• **TASK DIRECTIONS**: Everything in the listing below from the line containing "Kigo Kacamata Hitam" through the line containing "American Bald Eagle" must be repeated exactly; the remaining lines are not wanted.

• **INPUT FOR THIS TASK**:
###

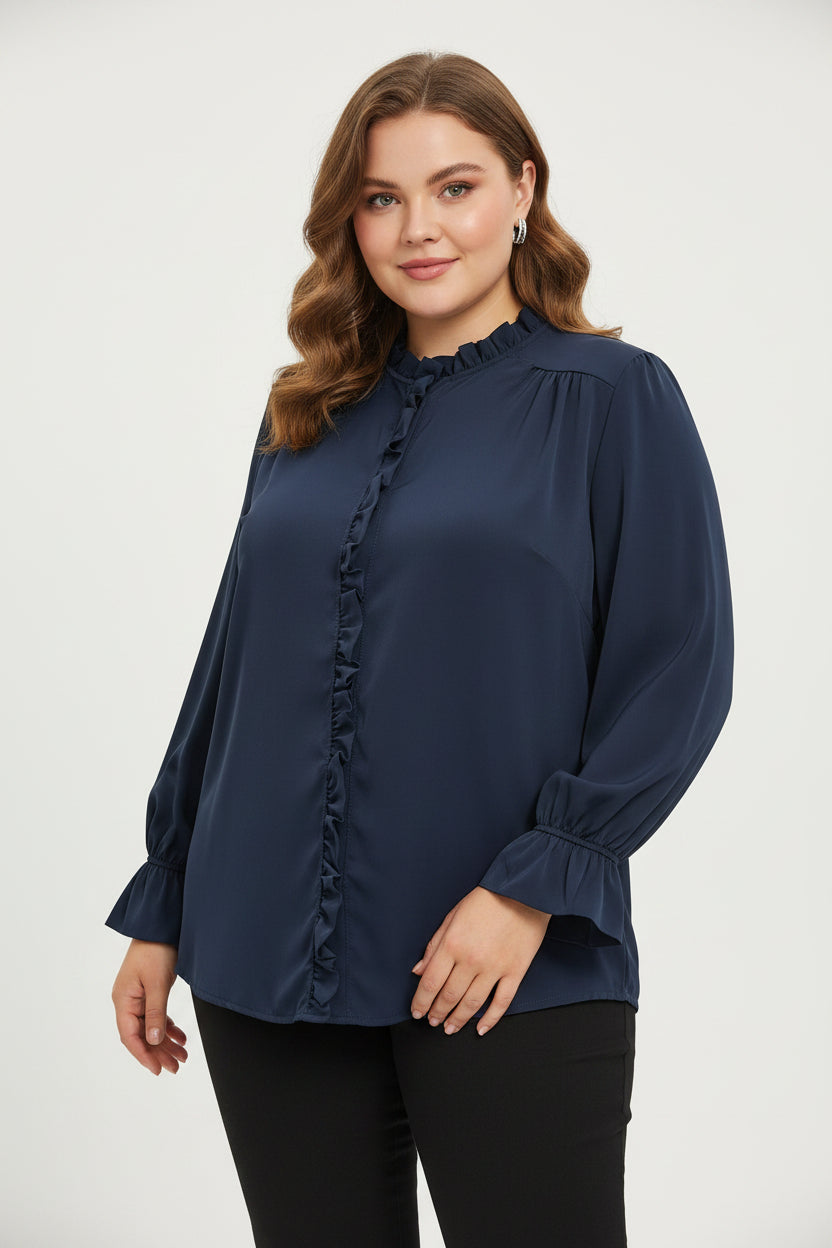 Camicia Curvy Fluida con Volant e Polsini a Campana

###

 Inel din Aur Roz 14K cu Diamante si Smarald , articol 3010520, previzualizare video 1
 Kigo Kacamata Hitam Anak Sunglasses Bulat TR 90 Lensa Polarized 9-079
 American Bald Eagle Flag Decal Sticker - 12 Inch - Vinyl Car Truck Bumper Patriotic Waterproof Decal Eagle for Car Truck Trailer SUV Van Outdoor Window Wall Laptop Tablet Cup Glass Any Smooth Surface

###

• **EXERCISE RESPONSE**:
 Kigo Kacamata Hitam Anak Sunglasses Bulat TR 90 Lensa Polarized 9-079
 American Bald Eagle Flag Decal Sticker - 12 Inch - Vinyl Car Truck Bumper Patriotic Waterproof Decal Eagle for Car Truck Trailer SUV Van Outdoor Window Wall Laptop Tablet Cup Glass Any Smooth Surface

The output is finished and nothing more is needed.